(Dataset records Opens)
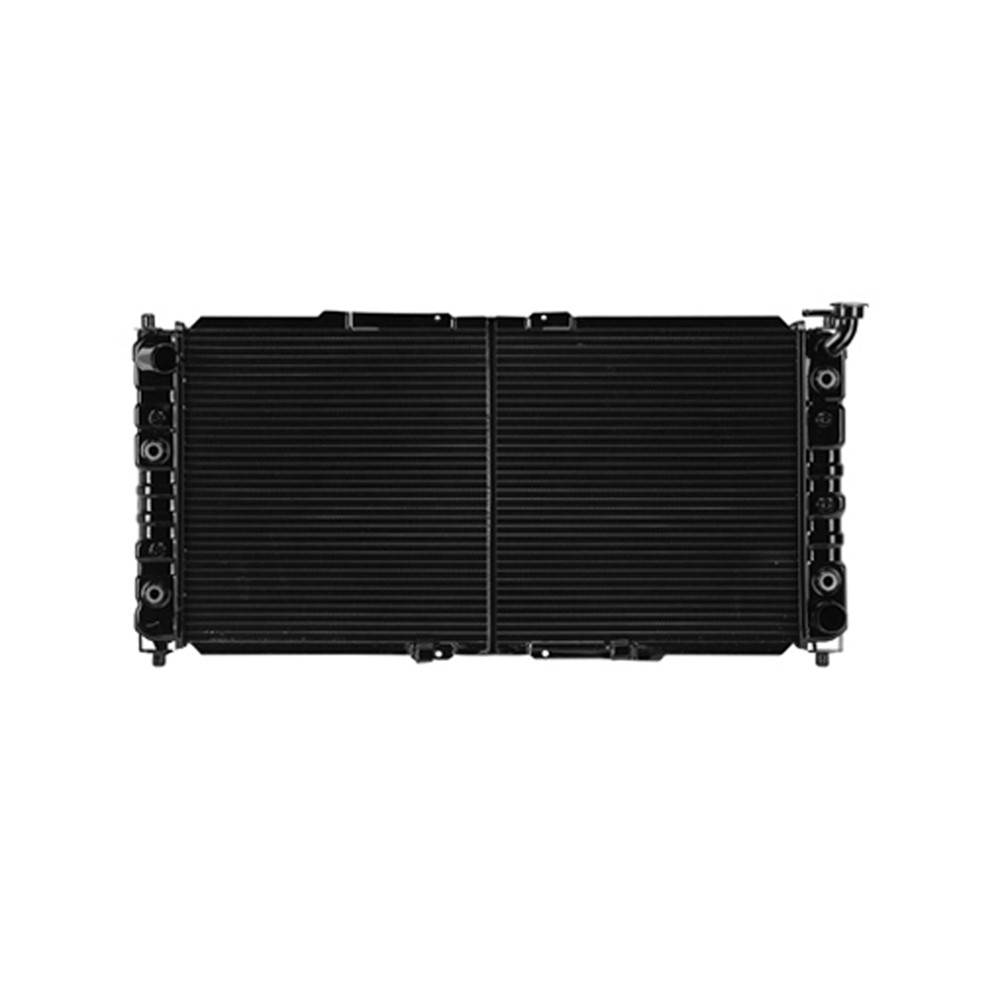 Radiator For 92-95 Mazda MX-3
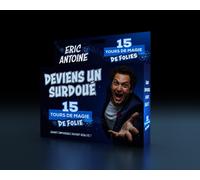 Éric Antoine Deviens Un Surdoue
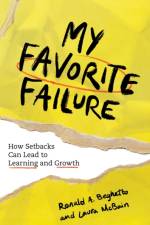 My Favorite Failure af Ronald A. Beghetto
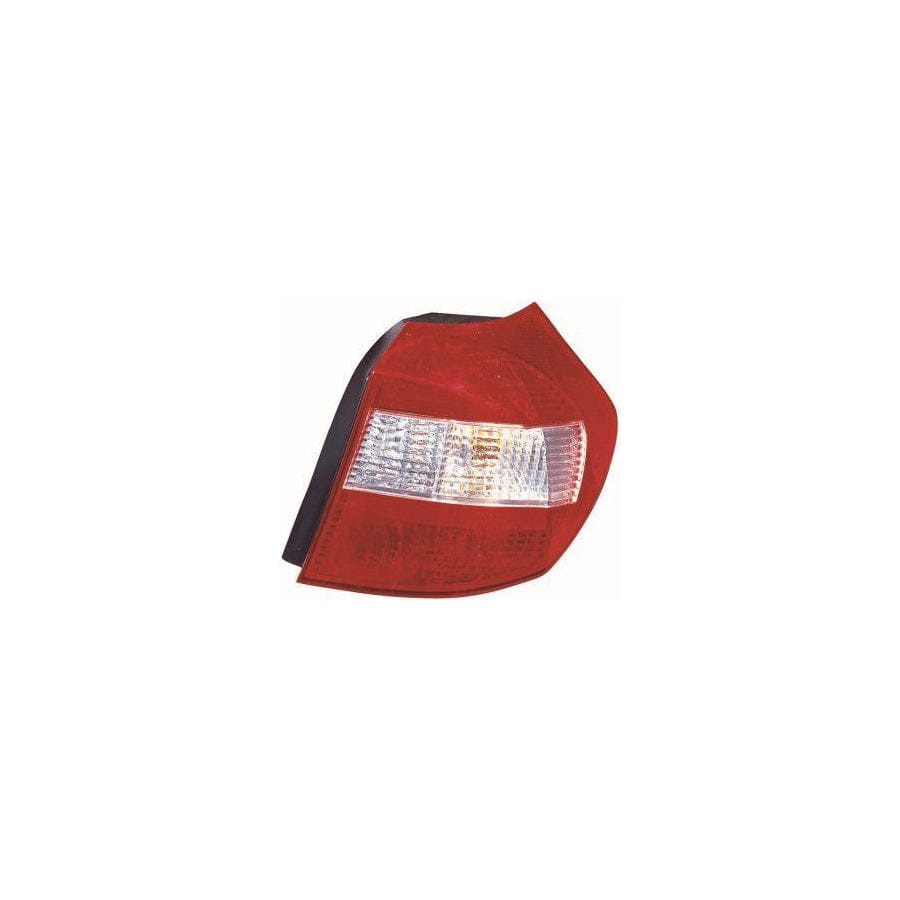 Abakus 4441924Lue Rear Light for BMW 1 Hatchback (E81)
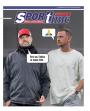 Πρωτοσέλιδο Sportime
(Dataset records Closes)
Do not include pictures. Copy only the lines running from the line with "Abakus 4441924Lue Rear" through the last line of the records, exactly as they appear.

> _Reply to the task_
 Abakus 4441924Lue Rear Light for BMW 1 Hatchback (E81)
 Πρωτοσέλιδο Sportime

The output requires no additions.